I use these two queries but have to merge the data in php after running them. I would like to instead run them in a single query, where it would return the columns from both queries in each row grouped by the date. Sometimes there isn't any download data, only upload data, and in all my previous tries it skipped the row if it couldn't find log data from both rows.
How do I merge these two queries into one, where it would display data even if it's just available in one of the tables?

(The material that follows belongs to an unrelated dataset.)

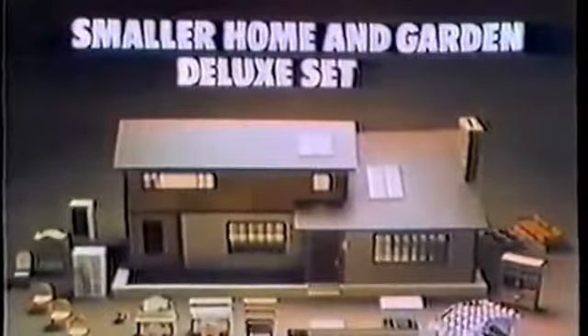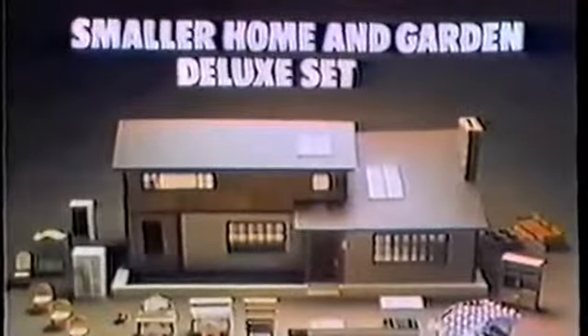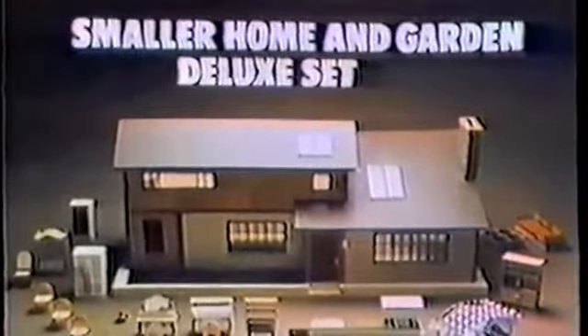Smaller Home and Garden Deluxe set. All this plus 69 other pieces. You Have to Put It Together by Tomy.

SELECT DATE(upload_date_added) as upload_date, SUM(upload_size) as upload_traffic, SUM(upload_files) as upload_files
FROM packages_uploads
WHERE upload_date_added BETWEEN '2011-10-26' AND '2011-11-16'
GROUP BY upload_date
ORDER BY upload_date DESC
SELECT DATE(download_date_added) as download_date, SUM(download_size) as download_traffic, SUM(download_files) as download_files
FROM packages_downloads
WHERE download_date_added BETWEEN '2011-10-26' AND '2011-11-16'
GROUP BY download_date
ORDER BY download_date DESC
I want to get result rows like this:
date, upload_traffic, upload_files, download_traffic, download_files
All help appreciated!
Your two queries can be executed and then combined with the UNION cluase along with an extra field to identify Uploads and Downloads on separate lines:
SELECT
'Uploads' TransmissionType,
DATE(upload_date_added) as TransmissionDate,
SUM(upload_size) as TransmissionTraffic,
SUM(upload_files) as TransmittedFileCount
FROM
packages_uploads
WHERE upload_date_added BETWEEN '2011-10-26' AND '2011-11-16'
GROUP BY upload_date
ORDER BY upload_date DESC
UNION
SELECT
'Downloads',
DATE(download_date_added),
SUM(download_size),
SUM(download_files)
FROM packages_downloads
WHERE download_date_added BETWEEN '2011-10-26' AND '2011-11-16'
GROUP BY download_date
ORDER BY download_date DESC;
Give it a Try !!!
What you're asking can only work for rows that have the same add date for upload and download. In this case I think this SQL should work:
SELECT
DATE(u.upload_date_added) as date,
SUM(u.upload_size) as upload_traffic,
SUM(u.upload_files) as upload_files,
SUM(d.download_size) as download_traffic,
SUM(d.download_files) as download_files
FROM
packages_uploads u, packages_downloads d
WHERE u.upload_date_added = d.download_date_added
AND u.upload_date_added BETWEEN '2011-10-26' AND '2011-11-16'
GROUP BY date
ORDER BY date DESC
Without knowing the schema is hard to give the exact answer so please see the following as a concept not a direct answer.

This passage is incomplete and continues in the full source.